Every player is graded as compared to other players currently on the Seahawks' roster. It's not, 'oh, this guy is really good', it's 'this guy could compete with and take so-and-so's job'.
As Davis pointed out in his series on the Green Bay Model of Roster Building:
"Every year, Schneider is trying to haul in a ton of draft picks and another big batch of undrafted rookies. These players are not training camp fodder, this whole class of rookies is given the chance to knock out 13 or so current players. Drafted players in Year 2 and Year 3 will lose their jobs every year to younger players that outperform them.
"With Win Forever - your roster never gets old. If you keep drafting well every year and are willing to make hard decisions by moving on from good players - you can, in theory, "Win Forever". The roster stays at a magical average of 25-26 years old. Younger players are probably less injury prone and are, in general, faster. They may not be smarter and they may not be in their peak, but that's where coaching comes in."

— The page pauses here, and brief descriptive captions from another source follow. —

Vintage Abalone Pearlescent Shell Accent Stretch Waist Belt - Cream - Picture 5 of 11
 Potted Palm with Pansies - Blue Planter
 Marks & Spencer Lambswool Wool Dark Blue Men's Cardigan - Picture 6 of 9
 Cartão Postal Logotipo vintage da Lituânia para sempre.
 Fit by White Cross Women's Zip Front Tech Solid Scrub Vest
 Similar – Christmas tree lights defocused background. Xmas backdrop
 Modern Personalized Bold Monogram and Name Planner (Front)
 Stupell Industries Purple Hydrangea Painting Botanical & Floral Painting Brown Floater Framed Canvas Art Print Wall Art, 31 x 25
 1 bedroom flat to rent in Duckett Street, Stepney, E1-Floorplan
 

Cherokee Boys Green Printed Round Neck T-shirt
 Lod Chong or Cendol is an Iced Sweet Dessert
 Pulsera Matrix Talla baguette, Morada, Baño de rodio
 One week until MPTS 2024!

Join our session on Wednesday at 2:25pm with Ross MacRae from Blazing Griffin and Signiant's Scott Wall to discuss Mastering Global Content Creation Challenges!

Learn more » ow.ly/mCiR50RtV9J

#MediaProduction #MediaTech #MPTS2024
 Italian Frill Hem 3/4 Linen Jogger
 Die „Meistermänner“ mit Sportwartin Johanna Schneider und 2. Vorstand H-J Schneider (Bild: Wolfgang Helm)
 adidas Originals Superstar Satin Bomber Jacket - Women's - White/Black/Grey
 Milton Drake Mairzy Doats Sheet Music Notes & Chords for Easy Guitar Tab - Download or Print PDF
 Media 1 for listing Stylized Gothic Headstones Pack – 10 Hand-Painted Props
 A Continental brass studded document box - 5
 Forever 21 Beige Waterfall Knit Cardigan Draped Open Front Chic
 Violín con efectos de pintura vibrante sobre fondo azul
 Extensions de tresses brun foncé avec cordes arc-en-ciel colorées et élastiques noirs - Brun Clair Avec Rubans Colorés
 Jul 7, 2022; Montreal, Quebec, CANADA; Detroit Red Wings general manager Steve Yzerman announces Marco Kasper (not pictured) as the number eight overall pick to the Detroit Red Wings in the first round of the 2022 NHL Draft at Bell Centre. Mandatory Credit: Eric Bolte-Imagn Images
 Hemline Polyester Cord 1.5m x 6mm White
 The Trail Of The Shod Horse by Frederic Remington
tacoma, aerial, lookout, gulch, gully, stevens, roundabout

So, how has Seattle done with fielding a consistent Championship-Caliber team while maintaining what John Schneider believes is an integral component: staying young?
Based on Chase Stuart and Pro Football Reference's AV-weighted age per team (in other words, how old the main contributing players are), the Seahawks had the youngest roster in the NFL in both 2011 (25.7 years old) and 2012 (26.1 years old).
2011 was a rough, but necessary building year, then 2012 was a whirlwind. After a slow start, Seattle finished the year red-hot, compiled an 11-5 record with historical scoring binges and a league-best scoring defense, bounced the Redskins from the Playoffs in their place, and very nearly succeeded at closing out one of the great comebacks in NFL Playoffs history before falling to Atlanta.
The 2012 Seahawks (26.1 years old on per AV-weighted average) went 11-5, finished #1 in Football Outsiders' DVOA and in the top-10 for all-time best DVOA marks.
The 2013 Seahawks (26.0 years old on per AV-weighted average) went 13-3, and again finished #1 in Football Outsiders' DVOA -- the first team to do that since the 1996-97 Packers, of which John Schneider was a scout -- and again finished in the top-10 for all time best DVOA marks.
As FO pointed out, "the Seahawks [were] the first team since the 2004-2005 Pittsburgh Steelers to rank in the top ten for all three units in consecutive seasons. Only two other teams have accomplished this feat: the 1990-1991 Kansas City Chiefs and the 1996-1997 Green Bay Packers." John Schneider's Packers, again (technically, he was a scout for Green Bay from 1993-1996 then left for the Redskins in 1997 as a 26-year old Director of Pro Personnel (holy shit)).
Of course, the 2013 Seahawks were the Super Bowl Champions, and were the 2nd youngest Super Bowl Champion teams of all time.
As Football Perspective's Chase Stuart tells us, the Seahawks had the 2nd youngest AV-weighted team in the NFL in 2013, including "the youngest offense in the NFL, and all of that unit's contributors were under the age of 28. Russell Wilson (24.8), Marshawn Lynch (27.4), Max Unger(27.4), Golden Tate (25.1), Doug Baldwin (24.9), and J.R. Sweezy (24.4) form a young core that should compete for years. The only long-term questions for the offense are figuring out how to keep Percy Harvin healthy (he doesn't turn 26 until May) and making sure that Robert Turbin (23.7) or Christine Michael (22.8) can handle the load when Lynch declines. As Doug Farrar notes, Seattle is the second youngest Super Bowl team ever, and positioned to make 2013 the start of a dynasty."
Seems like Pete and John's plan -- their marriage of Win Forever and Forever Young, or Win Forever Young™ -- has some merit.